Because both the electrode and the crucible have the shape of the frustum of a cone, the time-varying diameters of these objects are computed by

$$ D_{t} = \frac{{h_{c} - y_{t} }}{{h_{c} }}\left( {d_{\text{bot}} - d_{\text{top}} } \right) + d_{\text{top}} $$

(A5)

$$ d_{t} = \frac{{h_{\text{trod}} - L_{t} }}{{h_{\text{trod}} }}\left( {\varphi_{\text{bot}} - \varphi_{\text{top}} } \right) + \varphi_{\text{top}} $$

(A6)

Based on the preceding equations, the length of the melted portion of the electrode L _t−1 − L _t can be computed, from which the melted weight the melt rate V _m are obtained.

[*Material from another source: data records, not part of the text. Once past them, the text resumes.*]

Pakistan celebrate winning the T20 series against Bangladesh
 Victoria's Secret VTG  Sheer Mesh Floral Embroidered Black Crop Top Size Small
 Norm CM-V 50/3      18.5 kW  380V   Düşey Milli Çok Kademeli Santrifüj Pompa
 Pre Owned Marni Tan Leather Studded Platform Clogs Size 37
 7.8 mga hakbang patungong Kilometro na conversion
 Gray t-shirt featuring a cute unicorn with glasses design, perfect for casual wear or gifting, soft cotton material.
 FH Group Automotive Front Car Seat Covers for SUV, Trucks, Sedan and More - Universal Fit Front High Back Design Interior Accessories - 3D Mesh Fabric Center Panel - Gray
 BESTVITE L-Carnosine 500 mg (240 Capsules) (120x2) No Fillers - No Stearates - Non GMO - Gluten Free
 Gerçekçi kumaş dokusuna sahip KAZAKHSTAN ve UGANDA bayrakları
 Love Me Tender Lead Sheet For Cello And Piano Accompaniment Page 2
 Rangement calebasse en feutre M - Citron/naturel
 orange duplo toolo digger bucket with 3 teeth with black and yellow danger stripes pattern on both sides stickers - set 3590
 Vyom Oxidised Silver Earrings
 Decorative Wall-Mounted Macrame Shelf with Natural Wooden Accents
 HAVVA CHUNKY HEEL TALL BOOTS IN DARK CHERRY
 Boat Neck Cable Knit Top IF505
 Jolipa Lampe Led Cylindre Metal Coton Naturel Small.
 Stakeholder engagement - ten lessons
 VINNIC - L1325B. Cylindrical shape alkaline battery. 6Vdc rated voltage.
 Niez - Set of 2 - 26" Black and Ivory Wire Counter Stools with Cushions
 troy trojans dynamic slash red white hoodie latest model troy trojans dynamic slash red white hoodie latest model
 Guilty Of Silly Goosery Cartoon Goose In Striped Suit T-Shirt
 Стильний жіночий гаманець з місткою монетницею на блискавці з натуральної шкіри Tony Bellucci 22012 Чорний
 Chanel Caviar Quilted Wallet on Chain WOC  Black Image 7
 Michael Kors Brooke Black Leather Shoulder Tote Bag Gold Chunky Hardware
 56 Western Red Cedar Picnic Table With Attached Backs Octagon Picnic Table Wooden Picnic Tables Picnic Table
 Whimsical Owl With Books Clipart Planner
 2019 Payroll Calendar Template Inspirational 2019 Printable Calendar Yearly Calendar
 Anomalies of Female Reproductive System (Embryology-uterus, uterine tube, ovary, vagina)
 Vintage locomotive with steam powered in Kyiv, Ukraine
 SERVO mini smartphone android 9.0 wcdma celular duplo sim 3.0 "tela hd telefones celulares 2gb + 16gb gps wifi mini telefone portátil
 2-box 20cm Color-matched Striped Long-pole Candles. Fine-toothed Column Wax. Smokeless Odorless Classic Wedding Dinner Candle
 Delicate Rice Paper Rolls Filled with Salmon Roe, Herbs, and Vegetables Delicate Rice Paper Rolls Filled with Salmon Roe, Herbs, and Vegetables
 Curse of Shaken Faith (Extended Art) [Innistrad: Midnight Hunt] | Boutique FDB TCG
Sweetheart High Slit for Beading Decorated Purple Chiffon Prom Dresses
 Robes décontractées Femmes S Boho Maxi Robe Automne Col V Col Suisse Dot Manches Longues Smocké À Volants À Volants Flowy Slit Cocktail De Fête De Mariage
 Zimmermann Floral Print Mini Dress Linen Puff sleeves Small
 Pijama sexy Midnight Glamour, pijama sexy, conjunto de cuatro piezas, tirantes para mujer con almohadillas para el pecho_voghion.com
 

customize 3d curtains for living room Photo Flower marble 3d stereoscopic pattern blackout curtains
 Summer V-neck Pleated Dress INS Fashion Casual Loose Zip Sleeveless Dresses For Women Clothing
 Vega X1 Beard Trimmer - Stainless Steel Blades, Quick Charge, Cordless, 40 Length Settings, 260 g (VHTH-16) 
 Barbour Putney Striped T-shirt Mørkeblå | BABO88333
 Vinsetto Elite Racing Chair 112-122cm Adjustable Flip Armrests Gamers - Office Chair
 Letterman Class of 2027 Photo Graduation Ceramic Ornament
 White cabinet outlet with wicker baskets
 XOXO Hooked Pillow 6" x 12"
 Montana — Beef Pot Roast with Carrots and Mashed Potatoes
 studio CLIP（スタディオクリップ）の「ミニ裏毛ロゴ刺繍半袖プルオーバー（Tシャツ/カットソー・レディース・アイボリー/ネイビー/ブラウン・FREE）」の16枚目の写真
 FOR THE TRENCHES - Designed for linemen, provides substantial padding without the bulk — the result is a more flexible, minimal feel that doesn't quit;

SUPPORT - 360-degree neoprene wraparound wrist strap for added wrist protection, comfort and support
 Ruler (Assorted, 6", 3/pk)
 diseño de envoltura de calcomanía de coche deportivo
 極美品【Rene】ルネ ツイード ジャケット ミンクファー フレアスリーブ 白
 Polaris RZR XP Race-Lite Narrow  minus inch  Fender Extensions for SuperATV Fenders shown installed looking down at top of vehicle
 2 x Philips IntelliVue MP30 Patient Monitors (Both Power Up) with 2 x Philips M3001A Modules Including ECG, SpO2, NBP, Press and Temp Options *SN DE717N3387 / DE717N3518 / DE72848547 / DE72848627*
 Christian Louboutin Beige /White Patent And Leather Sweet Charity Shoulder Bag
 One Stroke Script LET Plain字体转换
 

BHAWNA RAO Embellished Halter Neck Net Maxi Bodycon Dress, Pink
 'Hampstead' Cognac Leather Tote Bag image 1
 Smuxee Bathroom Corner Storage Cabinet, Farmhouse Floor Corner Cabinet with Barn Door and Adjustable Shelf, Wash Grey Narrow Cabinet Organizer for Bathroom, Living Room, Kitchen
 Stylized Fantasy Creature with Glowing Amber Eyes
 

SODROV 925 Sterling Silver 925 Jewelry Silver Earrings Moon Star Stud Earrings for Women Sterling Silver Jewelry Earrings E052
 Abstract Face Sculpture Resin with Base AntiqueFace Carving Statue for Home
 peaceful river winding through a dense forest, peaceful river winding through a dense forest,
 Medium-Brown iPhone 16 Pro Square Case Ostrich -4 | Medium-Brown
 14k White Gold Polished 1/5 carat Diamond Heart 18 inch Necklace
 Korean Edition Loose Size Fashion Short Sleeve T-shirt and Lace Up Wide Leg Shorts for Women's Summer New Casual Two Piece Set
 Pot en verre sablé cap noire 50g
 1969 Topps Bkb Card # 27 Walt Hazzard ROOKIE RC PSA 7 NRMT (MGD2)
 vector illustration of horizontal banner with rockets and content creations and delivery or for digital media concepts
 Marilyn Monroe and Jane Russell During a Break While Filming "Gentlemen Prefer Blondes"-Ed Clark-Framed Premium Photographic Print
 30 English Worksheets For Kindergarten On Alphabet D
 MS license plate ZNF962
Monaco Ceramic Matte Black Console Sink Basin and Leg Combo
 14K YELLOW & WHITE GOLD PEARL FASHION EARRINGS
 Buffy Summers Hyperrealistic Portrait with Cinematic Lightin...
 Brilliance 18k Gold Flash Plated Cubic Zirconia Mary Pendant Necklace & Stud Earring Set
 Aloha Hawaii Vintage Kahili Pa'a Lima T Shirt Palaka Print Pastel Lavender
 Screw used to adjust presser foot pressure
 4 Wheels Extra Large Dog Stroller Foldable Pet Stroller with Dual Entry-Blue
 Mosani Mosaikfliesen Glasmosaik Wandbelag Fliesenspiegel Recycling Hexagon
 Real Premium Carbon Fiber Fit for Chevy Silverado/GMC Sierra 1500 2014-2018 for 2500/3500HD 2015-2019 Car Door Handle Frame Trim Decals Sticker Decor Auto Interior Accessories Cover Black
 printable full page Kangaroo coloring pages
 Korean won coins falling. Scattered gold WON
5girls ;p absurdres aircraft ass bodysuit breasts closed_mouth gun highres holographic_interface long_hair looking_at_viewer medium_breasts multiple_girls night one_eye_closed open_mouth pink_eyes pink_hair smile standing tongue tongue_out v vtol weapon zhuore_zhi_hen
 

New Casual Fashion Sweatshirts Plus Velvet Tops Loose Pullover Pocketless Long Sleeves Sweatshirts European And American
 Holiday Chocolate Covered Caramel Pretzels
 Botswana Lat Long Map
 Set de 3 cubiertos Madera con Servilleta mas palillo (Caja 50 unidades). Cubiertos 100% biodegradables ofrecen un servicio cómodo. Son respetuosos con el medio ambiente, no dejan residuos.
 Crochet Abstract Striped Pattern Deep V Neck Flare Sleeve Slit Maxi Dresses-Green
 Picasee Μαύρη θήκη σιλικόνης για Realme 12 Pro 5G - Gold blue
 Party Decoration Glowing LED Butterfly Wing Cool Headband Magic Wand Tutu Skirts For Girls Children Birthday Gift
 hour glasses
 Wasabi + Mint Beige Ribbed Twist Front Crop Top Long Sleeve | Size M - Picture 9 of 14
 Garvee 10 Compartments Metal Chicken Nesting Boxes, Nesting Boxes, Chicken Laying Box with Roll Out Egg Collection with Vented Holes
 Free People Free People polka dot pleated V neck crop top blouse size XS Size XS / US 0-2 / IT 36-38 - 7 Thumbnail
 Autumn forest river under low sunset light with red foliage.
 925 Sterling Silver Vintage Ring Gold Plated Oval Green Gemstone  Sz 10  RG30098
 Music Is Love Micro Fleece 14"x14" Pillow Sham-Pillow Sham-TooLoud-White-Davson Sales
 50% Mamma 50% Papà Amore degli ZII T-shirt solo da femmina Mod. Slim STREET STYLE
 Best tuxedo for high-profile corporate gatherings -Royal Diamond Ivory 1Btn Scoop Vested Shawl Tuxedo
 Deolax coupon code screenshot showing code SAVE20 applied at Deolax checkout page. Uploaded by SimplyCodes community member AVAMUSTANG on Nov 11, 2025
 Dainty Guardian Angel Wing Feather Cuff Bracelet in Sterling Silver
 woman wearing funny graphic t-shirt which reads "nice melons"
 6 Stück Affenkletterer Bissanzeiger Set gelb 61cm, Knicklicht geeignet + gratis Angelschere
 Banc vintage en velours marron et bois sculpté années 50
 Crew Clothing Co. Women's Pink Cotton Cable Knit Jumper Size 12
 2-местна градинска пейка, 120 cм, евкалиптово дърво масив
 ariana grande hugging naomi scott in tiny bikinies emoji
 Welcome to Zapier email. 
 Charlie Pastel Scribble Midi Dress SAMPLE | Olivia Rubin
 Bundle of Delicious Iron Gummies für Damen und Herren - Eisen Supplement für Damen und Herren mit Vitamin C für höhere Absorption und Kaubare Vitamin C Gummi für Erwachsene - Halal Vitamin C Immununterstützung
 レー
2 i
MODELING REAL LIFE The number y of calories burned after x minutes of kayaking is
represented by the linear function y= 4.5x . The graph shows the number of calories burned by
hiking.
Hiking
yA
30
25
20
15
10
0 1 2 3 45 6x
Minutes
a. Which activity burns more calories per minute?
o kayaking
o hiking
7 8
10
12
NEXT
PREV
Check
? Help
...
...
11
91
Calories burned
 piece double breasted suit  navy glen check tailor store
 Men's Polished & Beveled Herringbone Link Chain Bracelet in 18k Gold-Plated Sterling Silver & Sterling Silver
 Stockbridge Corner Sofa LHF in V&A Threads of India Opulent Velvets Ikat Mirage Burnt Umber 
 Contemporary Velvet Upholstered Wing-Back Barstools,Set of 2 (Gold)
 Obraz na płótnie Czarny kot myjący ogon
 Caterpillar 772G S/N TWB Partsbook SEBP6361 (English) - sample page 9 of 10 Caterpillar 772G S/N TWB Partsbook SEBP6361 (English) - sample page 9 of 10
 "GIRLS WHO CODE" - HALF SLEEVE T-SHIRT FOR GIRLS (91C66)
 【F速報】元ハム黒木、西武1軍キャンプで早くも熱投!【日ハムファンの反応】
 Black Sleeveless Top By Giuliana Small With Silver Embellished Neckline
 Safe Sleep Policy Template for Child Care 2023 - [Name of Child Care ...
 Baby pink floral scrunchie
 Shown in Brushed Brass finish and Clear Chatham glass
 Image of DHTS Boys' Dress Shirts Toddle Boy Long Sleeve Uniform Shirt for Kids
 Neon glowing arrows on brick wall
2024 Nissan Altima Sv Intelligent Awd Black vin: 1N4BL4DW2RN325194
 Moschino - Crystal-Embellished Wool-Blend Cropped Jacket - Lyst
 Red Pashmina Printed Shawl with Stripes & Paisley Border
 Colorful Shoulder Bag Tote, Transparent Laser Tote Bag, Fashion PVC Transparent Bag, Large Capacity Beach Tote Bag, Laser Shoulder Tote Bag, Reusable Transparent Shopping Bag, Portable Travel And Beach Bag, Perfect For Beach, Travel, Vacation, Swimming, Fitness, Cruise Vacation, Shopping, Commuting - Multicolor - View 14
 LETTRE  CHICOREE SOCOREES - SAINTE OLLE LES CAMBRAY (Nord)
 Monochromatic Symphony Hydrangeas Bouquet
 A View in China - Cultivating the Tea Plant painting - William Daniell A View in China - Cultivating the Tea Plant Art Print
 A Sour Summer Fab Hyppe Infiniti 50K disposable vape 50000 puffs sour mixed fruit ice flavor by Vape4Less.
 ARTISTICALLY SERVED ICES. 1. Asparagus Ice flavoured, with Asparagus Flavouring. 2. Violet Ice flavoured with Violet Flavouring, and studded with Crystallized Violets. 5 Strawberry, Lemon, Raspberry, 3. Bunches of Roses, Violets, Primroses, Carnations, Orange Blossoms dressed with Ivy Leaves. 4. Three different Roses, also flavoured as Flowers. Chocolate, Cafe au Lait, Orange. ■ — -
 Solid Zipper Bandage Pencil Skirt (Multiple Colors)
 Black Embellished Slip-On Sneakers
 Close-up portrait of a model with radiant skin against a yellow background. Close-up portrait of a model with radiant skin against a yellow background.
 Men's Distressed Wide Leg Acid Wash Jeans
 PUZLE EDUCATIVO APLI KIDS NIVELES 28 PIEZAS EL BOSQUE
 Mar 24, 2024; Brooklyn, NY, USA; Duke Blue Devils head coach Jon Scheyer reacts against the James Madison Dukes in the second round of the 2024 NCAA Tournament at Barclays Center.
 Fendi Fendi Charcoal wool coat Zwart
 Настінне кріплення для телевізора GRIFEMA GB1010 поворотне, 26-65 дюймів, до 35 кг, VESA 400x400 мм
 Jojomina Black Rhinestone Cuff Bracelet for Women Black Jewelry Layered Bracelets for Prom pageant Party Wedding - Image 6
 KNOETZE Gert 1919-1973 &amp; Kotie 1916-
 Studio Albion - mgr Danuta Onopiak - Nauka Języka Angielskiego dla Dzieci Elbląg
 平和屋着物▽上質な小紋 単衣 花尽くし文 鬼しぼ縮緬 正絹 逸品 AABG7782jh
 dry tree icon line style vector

Because the slag skin is usually thin (less than 2 mm), it can be neglected in computation. Thus, the crucible’s inner diameter is approximately equal to the ingot diameter, i.e., \( D_{t} = \tilde{D}_{t} \). Using Eqs. [A1], [A2], and [A3], the length of the melted part of the electrode is given by

$$ L_{t - 1} - L_{t} = \frac{1}{{1 - \left( {\frac{\eta }{{\hat{\rho }}} + \frac{\kappa }{{\tilde{\rho }}}} \right)\rho_{e} \varsigma_{t}^{2} }}\Updelta x $$

(A7)

The ingot height is

$$ y_{t + 1} = y_{t} + \frac{1}{{\frac{1}{{\mu \varsigma_{t}^{2} \kappa }} - \left( {1 + \frac{{\eta \tilde{\rho }}}{{\kappa \hat{\rho }}}} \right)}}\Updelta x $$

(A8)

The melt rate is

$$ V_{m} = \frac{{\left( {L_{t - 1} - L_{t} } \right)\pi d_{t}^{2} \rho_{e} }}{{4T_{0} }} $$

(A9)